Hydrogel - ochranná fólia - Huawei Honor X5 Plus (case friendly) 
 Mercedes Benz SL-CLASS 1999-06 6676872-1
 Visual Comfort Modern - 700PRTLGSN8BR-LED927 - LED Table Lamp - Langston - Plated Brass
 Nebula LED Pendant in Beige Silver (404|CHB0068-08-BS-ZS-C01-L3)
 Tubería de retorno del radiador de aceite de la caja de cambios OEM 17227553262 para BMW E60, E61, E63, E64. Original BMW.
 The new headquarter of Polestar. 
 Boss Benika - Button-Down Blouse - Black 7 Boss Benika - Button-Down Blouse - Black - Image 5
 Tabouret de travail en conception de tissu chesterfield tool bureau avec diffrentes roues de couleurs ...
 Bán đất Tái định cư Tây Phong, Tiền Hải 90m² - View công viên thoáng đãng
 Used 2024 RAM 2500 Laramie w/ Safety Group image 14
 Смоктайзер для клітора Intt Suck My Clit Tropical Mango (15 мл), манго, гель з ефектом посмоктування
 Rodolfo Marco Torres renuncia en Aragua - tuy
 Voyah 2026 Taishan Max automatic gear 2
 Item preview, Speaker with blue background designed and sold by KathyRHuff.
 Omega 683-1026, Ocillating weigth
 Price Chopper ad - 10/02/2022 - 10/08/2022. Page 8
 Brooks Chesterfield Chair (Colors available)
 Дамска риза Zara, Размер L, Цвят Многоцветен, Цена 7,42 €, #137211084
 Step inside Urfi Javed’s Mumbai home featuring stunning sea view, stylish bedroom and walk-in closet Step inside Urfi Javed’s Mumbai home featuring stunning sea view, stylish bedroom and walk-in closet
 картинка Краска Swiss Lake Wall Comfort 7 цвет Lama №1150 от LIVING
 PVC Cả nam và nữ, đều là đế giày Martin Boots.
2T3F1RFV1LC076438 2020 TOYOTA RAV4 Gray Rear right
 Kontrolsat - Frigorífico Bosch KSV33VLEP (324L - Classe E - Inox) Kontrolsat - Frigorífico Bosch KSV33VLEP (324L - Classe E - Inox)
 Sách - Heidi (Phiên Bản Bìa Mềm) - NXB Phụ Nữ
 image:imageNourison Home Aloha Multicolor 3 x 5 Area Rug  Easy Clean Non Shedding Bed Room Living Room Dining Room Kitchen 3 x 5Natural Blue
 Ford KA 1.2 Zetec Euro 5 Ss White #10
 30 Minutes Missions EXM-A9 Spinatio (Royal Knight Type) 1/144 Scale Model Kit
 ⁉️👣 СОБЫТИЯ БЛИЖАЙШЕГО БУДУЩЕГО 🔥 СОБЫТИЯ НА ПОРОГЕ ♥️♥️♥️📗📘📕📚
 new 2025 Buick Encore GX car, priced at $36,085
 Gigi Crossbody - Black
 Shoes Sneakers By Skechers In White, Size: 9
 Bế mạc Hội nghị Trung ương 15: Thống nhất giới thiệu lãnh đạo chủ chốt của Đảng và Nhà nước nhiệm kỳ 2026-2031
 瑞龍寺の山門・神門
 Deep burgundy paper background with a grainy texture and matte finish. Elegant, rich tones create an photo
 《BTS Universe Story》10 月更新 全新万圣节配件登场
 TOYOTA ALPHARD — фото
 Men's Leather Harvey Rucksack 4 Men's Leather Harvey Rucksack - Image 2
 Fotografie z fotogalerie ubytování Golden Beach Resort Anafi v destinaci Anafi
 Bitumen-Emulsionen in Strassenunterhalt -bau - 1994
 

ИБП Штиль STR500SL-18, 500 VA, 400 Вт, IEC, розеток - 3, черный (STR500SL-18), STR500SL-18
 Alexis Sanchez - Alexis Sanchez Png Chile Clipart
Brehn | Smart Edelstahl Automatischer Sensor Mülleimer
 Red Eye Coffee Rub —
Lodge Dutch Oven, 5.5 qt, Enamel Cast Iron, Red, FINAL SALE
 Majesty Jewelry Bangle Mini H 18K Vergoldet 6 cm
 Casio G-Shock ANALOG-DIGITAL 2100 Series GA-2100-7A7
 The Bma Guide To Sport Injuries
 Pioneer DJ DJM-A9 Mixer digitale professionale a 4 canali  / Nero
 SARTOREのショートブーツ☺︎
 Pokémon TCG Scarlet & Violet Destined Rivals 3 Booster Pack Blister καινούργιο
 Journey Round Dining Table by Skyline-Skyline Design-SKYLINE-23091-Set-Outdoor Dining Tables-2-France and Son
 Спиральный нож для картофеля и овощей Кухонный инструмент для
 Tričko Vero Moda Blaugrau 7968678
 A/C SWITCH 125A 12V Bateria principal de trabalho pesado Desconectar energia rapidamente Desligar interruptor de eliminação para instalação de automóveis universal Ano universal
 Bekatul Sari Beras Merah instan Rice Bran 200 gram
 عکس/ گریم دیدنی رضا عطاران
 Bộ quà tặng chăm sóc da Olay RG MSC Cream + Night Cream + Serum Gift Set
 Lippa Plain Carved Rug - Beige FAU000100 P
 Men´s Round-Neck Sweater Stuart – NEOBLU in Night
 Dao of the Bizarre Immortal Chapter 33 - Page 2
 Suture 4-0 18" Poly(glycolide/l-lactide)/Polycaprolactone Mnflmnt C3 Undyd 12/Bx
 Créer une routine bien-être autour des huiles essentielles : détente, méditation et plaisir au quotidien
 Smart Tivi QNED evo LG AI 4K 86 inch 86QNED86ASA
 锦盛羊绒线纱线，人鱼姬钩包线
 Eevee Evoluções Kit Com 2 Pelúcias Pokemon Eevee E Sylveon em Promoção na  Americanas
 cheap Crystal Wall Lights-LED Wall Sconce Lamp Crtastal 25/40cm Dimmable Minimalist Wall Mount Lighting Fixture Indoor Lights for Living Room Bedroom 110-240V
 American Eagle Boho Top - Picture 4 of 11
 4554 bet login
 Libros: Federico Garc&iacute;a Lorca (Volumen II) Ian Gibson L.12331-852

Work to be completed. In your answer, include only the lines above starting at the line that holds "Bekatul Sari Beras" and ending at the line that holds "4554 bet login", copied exactly.

Answer below.
 Bekatul Sari Beras Merah instan Rice Bran 200 gram
 عکس/ گریم دیدنی رضا عطاران
 Bộ quà tặng chăm sóc da Olay RG MSC Cream + Night Cream + Serum Gift Set
 Lippa Plain Carved Rug - Beige FAU000100 P
 Men´s Round-Neck Sweater Stuart – NEOBLU in Night
 Dao of the Bizarre Immortal Chapter 33 - Page 2
 Suture 4-0 18" Poly(glycolide/l-lactide)/Polycaprolactone Mnflmnt C3 Undyd 12/Bx
 Créer une routine bien-être autour des huiles essentielles : détente, méditation et plaisir au quotidien
 Smart Tivi QNED evo LG AI 4K 86 inch 86QNED86ASA
 锦盛羊绒线纱线，人鱼姬钩包线
 Eevee Evoluções Kit Com 2 Pelúcias Pokemon Eevee E Sylveon em Promoção na  Americanas
 cheap Crystal Wall Lights-LED Wall Sconce Lamp Crtastal 25/40cm Dimmable Minimalist Wall Mount Lighting Fixture Indoor Lights for Living Room Bedroom 110-240V
 American Eagle Boho Top - Picture 4 of 11
 4554 bet login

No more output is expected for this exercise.